Configuring Your VPS Server for Exchange Mail Dequeuing
If you wish to configure your Virtual Private Server for Exchange mail dequeueing, follow the steps below.
NOTE: You should carefully consider the following.
- ALL e-mail (incoming and outgoing) will be held in the queue until it is flushed out, either by
an ETRN command or the flush command in your crontab. This means that if your crontab is set to
flush every 4 hours, an outgoing e-mail could wait 4 hours before it is sent from your Virtual Server.
- Mail dequeuing will affect ALL domains hosted on your Virtual Private Server. So, only one domain
should be hosted on your Virtual Server unless ALL domains on the server are using the mail dequeuing
feature.
- Get a dedicated IP address for your Exchange Server.

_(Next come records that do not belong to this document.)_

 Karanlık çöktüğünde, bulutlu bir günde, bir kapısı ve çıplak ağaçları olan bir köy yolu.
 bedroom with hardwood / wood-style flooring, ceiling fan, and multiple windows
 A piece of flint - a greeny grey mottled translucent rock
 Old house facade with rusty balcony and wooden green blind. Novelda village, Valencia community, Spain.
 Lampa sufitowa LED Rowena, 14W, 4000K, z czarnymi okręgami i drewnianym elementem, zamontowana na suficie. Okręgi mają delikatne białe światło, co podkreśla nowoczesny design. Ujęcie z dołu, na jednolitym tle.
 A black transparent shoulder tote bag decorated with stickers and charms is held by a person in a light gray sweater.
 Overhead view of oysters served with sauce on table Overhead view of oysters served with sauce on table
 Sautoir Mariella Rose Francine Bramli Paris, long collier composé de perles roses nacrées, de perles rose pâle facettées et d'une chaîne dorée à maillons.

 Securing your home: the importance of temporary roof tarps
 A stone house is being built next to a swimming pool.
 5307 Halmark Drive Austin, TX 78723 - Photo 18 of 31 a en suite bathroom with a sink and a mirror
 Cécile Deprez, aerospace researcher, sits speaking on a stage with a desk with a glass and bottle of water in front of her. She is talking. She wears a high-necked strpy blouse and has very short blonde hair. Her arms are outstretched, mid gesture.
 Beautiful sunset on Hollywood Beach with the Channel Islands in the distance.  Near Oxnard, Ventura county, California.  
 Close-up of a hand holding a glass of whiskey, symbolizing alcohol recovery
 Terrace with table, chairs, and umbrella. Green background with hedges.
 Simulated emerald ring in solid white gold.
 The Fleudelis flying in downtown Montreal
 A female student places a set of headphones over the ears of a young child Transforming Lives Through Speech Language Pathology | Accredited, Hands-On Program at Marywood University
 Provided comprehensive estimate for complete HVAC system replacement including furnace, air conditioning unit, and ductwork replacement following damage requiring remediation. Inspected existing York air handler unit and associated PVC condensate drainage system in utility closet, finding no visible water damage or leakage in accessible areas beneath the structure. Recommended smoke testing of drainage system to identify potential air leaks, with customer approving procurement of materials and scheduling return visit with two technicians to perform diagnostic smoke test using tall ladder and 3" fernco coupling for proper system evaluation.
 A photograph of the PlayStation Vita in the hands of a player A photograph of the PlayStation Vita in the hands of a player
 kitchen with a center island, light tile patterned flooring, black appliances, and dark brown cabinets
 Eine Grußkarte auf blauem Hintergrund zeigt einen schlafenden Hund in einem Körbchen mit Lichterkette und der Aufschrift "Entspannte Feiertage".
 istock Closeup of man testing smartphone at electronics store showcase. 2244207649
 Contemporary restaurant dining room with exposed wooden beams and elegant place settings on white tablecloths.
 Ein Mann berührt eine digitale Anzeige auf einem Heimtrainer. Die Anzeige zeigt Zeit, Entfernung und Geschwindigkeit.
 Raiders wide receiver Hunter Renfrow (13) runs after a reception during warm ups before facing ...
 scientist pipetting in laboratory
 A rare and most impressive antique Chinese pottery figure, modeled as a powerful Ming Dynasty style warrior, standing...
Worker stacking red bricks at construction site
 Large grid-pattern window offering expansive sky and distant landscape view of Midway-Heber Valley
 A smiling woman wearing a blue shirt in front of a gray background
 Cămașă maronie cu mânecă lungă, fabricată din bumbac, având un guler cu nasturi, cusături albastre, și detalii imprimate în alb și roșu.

- Setup the MX records for the domain name with the 10 level pointing
to your Exchange Server and the 20 level pointing back to your Virtual
Server.
- Setup your Virtual Server to queue up e-mail until the ETRN command
is received by your Exchange Server.
- Add the following line to the Options section of the ~/etc/sendmail.cf
file on your Virtual Server:
Odqueueonly # defer mail on the server
- Comment out the following two lines in Ruleset 0:
| R$+<@$=w> |
$@$>90$1 |
Remove local addresses |
| R<@$=w>$-$+ |
$@$>90$3 |
Remove local routes/UUCP |
These two lines let the server know what domains are local to your Virtual Server. For mail dequeuing,
no domain should resolve locally.
- Add the following line to your Virtual Server Crontab:
00 0-23/4 * * * /usr/local/bin/virtual sendmail -q
This will flush out your Virtual Server mail queue every four
hours. You may need to modify this according to how long your
Exchange Server may be off line. Every time an attempt is made
to flush the queue, a hop is added to the headers for each message
queued up. This means that if you set your crontab to flush the
queue every 15 minutes then an additional hop would be added every
15 minutes. This would mean that after 6 hours in the mail queue,
a message would have 24 hops (where the maximum is 26). Therefore,
any e-mail older than 6 1/2 hours would be bounced with "too many hops".